- **DATA**
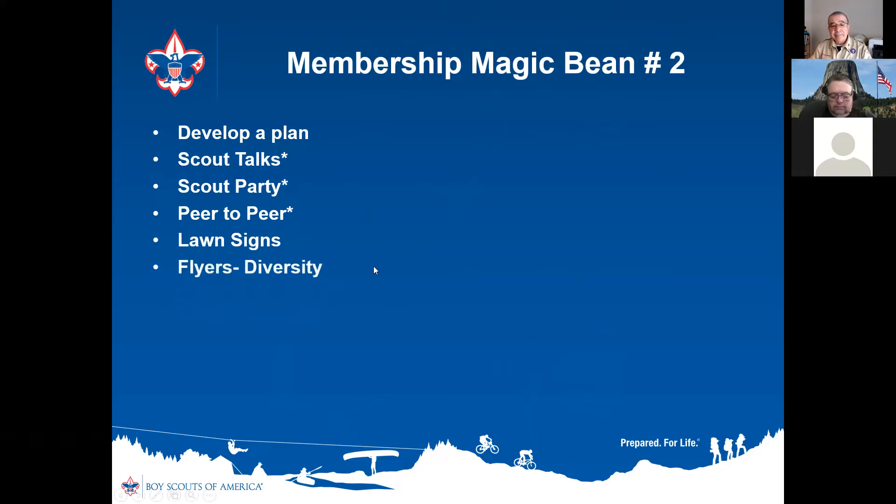Flyers — your council can print these for you and they usually have lots of different ones to choose from. Now, whenever I do these talks and show images of my pack, I'll get a question: 'Your pack is really diverse — were you always that diverse?' No. My son and I were the first minorities to ever join our pack. We're Hispanic and were the only Hispanics at the time.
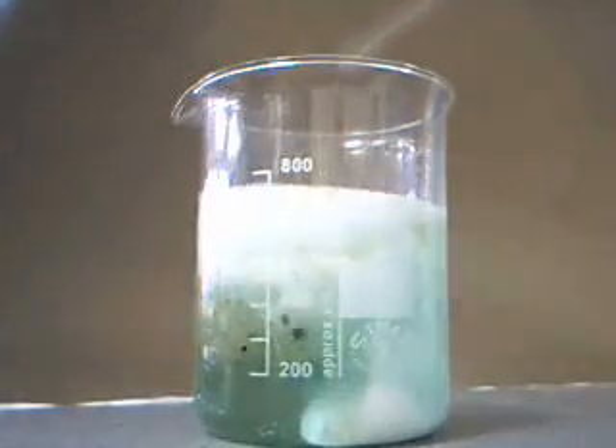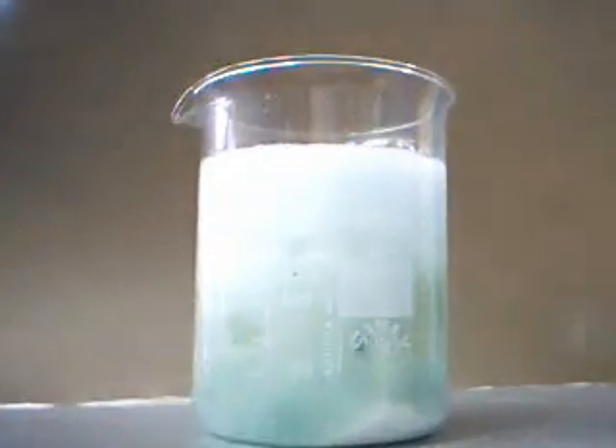Add approximately two tablespoons of salt to the liquid in one go. A great foam eruption occurs.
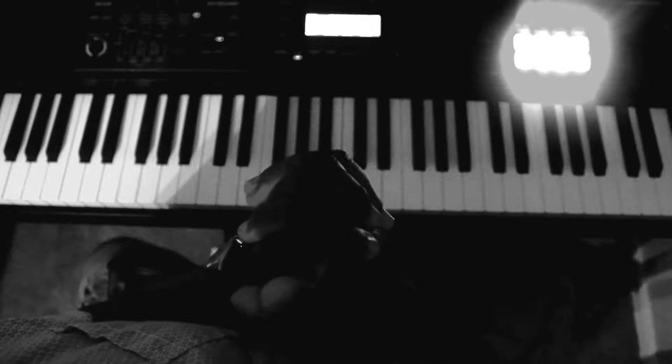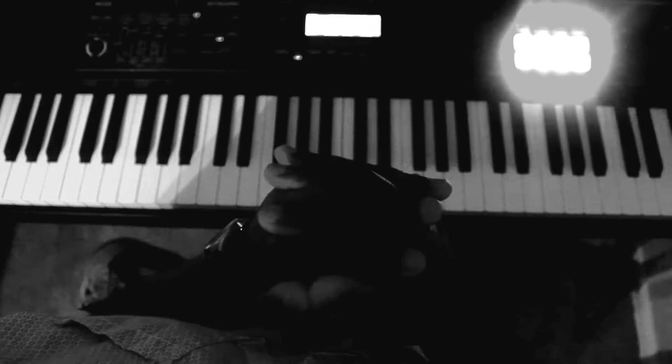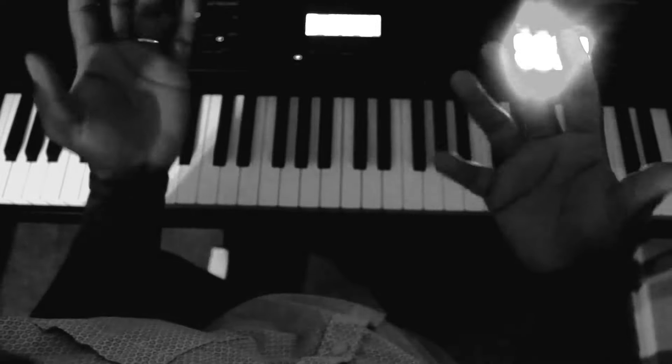Hello everyone, this is Kay Benioca, bringing you a lesson in jazz piano techniques. I'm going to be showing you the importance of the Barry Harris scale of chords and the diminished scale, and how they create movement and give you a full sound.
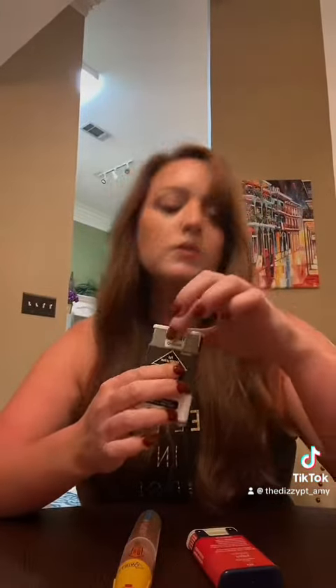For the AUVI-Q brand, it talks you through the whole thing. I've got a trainer here, so we're going to switch to that. This trainer contains no needle or drug — obviously the real one won't say this. If you are ready to use: pull the red safety guard, then place the black end against the outer thigh. Push firmly until you hear three, two, one. Training complete. That's it guys — have fun saving lives.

- **ACTION ITEM**
Could you restate the material word for word, skipping any pictures it holds?

- **ANSWER TO THE EXERCISE**
Flyers — your council can print these for you and they usually have lots of different ones to choose from. Now, whenever I do these talks and show images of my pack, I'll get a question: 'Your pack is really diverse — were you always that diverse?' No. My son and I were the first minorities to ever join our pack. We're Hispanic and were the only Hispanics at the time.
Add approximately two tablespoons of salt to the liquid in one go. A great foam eruption occurs.
Hello everyone, this is Kay Benioca, bringing you a lesson in jazz piano techniques. I'm going to be showing you the importance of the Barry Harris scale of chords and the diminished scale, and how they create movement and give you a full sound.
For the AUVI-Q brand, it talks you through the whole thing. I've got a trainer here, so we're going to switch to that. This trainer contains no needle or drug — obviously the real one won't say this. If you are ready to use: pull the red safety guard, then place the black end against the outer thigh. Push firmly until you hear three, two, one. Training complete. That's it guys — have fun saving lives.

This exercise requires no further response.